(Data shown)

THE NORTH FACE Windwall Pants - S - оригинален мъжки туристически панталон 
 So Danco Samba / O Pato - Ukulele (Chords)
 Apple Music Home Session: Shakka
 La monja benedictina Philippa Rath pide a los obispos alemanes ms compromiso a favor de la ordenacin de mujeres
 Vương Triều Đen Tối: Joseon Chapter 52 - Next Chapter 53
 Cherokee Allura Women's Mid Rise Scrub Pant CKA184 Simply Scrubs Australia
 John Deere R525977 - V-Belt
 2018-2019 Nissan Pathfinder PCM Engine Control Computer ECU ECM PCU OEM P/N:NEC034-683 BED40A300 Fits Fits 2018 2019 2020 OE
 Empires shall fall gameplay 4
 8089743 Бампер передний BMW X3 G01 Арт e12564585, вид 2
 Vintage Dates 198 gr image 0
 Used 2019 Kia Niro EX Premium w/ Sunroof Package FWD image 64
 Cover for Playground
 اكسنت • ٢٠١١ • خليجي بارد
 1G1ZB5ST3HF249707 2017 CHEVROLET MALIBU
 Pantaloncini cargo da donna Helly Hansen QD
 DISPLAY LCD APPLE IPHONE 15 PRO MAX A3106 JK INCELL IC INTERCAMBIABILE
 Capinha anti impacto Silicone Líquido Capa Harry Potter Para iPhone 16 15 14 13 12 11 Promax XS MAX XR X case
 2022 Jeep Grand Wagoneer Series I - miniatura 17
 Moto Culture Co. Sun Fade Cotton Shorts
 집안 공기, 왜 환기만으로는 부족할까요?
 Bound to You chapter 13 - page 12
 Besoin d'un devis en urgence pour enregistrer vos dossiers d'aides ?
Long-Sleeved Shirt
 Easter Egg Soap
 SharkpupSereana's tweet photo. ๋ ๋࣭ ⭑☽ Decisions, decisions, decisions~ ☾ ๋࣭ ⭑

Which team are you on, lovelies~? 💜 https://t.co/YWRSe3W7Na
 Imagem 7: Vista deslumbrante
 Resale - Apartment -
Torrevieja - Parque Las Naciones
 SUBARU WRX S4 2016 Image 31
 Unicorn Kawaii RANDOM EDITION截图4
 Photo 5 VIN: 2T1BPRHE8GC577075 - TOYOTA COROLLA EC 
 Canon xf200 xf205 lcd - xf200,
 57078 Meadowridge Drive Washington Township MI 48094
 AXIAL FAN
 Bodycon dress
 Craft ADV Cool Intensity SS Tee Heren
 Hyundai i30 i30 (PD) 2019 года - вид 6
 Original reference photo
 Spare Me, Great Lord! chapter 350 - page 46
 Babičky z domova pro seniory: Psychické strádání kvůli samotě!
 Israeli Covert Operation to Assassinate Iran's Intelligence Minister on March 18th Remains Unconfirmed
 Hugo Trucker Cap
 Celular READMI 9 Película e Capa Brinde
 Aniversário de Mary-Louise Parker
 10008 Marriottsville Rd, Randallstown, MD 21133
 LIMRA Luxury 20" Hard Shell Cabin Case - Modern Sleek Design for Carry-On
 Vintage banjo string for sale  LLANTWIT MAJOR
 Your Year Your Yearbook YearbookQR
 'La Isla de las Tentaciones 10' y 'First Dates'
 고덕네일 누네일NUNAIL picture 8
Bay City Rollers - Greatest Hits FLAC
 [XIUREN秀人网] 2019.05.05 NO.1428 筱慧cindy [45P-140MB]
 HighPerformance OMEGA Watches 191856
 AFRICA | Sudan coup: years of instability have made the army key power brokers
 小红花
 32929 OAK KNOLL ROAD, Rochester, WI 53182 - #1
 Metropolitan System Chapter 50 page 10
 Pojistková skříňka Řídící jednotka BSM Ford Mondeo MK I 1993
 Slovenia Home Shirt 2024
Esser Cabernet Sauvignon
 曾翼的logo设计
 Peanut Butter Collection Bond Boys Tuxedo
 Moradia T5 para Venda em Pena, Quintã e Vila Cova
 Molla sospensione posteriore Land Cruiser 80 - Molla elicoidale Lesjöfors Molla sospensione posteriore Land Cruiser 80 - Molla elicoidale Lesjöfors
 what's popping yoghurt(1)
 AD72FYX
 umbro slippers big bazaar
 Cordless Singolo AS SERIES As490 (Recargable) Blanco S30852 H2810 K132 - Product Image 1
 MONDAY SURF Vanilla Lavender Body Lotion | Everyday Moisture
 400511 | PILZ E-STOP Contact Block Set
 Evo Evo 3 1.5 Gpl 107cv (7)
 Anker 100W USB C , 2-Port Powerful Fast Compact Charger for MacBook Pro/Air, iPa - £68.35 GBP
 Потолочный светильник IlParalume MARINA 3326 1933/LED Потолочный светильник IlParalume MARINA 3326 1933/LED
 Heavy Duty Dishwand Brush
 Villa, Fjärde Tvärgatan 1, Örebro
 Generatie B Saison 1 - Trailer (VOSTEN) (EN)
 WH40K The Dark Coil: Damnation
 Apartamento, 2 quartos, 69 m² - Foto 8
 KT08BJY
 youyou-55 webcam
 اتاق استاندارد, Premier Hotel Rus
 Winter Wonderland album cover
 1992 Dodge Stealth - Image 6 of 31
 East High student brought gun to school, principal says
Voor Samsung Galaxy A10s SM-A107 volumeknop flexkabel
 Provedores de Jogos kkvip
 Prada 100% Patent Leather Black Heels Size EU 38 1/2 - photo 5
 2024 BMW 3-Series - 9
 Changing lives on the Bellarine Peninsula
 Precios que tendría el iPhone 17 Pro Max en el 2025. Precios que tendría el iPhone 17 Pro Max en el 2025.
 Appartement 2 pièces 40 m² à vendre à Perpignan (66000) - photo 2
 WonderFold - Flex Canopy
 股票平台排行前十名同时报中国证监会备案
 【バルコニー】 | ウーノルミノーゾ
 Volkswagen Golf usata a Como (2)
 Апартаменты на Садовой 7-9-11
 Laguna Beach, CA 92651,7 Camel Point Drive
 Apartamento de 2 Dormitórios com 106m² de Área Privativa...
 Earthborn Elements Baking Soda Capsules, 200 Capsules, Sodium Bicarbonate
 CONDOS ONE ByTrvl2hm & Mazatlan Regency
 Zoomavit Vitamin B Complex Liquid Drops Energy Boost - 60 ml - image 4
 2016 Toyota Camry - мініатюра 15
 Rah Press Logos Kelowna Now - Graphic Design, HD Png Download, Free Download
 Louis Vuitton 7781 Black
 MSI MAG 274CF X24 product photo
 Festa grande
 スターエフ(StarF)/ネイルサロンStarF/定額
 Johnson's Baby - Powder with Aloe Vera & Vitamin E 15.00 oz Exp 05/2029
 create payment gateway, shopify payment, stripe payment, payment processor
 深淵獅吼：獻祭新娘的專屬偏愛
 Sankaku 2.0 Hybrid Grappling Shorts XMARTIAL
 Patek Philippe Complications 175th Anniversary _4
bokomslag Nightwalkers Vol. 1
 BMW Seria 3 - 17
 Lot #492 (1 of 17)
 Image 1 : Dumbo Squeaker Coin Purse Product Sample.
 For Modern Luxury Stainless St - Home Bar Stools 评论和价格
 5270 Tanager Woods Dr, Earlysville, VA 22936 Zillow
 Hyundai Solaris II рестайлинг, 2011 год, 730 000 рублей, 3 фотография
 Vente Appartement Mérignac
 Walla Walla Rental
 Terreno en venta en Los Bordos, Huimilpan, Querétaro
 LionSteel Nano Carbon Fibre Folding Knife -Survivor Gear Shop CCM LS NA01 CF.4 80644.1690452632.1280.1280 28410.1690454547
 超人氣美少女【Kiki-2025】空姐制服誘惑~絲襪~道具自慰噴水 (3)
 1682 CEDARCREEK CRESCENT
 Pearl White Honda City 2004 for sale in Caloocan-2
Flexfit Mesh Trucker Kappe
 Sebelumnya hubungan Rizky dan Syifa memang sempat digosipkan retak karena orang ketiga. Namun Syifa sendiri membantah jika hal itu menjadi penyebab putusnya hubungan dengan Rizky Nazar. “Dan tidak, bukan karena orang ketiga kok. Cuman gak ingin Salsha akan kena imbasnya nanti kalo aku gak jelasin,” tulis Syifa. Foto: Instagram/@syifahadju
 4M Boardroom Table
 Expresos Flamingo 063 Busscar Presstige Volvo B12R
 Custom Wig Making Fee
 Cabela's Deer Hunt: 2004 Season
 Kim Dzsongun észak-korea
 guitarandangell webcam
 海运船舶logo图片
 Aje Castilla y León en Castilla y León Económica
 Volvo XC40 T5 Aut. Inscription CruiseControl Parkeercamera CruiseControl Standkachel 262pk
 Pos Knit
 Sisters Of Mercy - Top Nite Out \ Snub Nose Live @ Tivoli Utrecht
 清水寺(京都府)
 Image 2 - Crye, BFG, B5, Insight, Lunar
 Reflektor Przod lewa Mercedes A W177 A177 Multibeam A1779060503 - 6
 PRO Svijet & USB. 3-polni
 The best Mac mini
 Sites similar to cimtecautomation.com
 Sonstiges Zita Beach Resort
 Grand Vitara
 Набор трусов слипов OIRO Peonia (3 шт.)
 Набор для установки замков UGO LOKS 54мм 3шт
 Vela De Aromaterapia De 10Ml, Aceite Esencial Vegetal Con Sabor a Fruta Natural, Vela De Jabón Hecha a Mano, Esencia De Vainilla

(End Data shown)

Begin at the line above that has "Apple Music Home Session: Shakka" and stop after the line that has "Vương Triều Đen", copying each line exactly and adding nothing else.

 Apple Music Home Session: Shakka
 La monja benedictina Philippa Rath pide a los obispos alemanes ms compromiso a favor de la ordenacin de mujeres
 Vương Triều Đen Tối: Joseon Chapter 52 - Next Chapter 53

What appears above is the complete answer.